Saber si la sociedad se dopa porque es hipócrita o es hipócrita porque se dopa parece lo del huevo y la gallina. El señor Andy Warhol explicó con fino humor que en el futuro cada ser humano tendría derecho a 15 minutos de gloria sobre la tierra. Es frase propia de un hijo de la democracia radical, pero cualquiera diría que la gente, urgida como de costumbre por el hecho de que vivir son dos días, ha tratado de acelerar ese momento prometido corriendo tras su posibilidad de gloria sin

esperar época ni turno. A veces tengo la sensación de que el ciudadano se ha tomado la democracia en sentido contrario al principio impulsor del bienestar social, a saber: si todos tenemos derecho a ser unos tramposos, ¿por qué no voy a serlo yo? De hecho, el triunfo social es cada vez más interclasista y la gente está tan ocupada en convertirse en un tramposo establecido que genera un movimiento de ansiedad en masa más propio del esperpento que del drama. De ahí que, como decíamos, cuando llegan los momentos de vacilación y vértigo uno tenga que relanzarse con estimulantes tolerables o dominables porque... sufre de estrés. El deportista, por el contrario, es un mito triunfal y selectivo que no puede alcanzar el éxito mediante fraude, pues entonces sería espejo y no estímulo de su sociedad. Arte de hipocresía, arte de vida.

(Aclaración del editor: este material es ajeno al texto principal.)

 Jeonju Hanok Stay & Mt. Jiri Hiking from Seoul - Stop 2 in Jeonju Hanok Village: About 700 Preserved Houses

Así pues, ¡pobres deportistas! Van a caer sobre ellos con verdadera saña, van a seguirlos hasta lo más recóndito de sus madrigueras; ya que no son capaces de mostrar la ejemplaridad del héroe, serán ejemplarmente castigados; quien es portador de la antorcha no admite sino la gloria o el deshonor; entre medias de ambos exigentes valores, la sociedad entera se regocija una vez más viendo caer cabezas en los cestos.

Ahora bien: ¿por qué vamos a exigir que sucesos como los que ocurren en torno al deporte vayan a ser analizados más allá de la ceremonia sacrificial del chivo expiatorio? Grandes humanistas del XIX estaban firmemente convencidos de que el futuro, al ampliar en tal alto grado la capacidad de comunicación entre los hombres merced a las nuevas invenciones, traería consigo la abolición de la injusticia debido al efecto benéfico del desarrollo de la información. Hoy lo único que tenemos claro es que la información nos ha vuelto insensibles, y las detalladas noticias acerca de epidemias, hambre, genocidio, tortura, etcétera, se las toma uno para desayunar como una mermelada. Aquellos ciudadanos decimonónicos eran unos insensatos; nosotros, unos hipócritas.

En fin, sin otro ánimo que el de turbar algo de la insensibilidad moderna, me pregunto si no estará llegando también la hora de desempolvar eso que hace nada se llamaba ideología. No me refiero a la acepción reduccionista de la palabra, sino a la más abierta de ideología o sentido de la vida. Al menos sabemos que comporta una visión analítica y dinámica de la existencia y que puede responder de modo contundente a la triste hipocresía de los sacrificios rituales.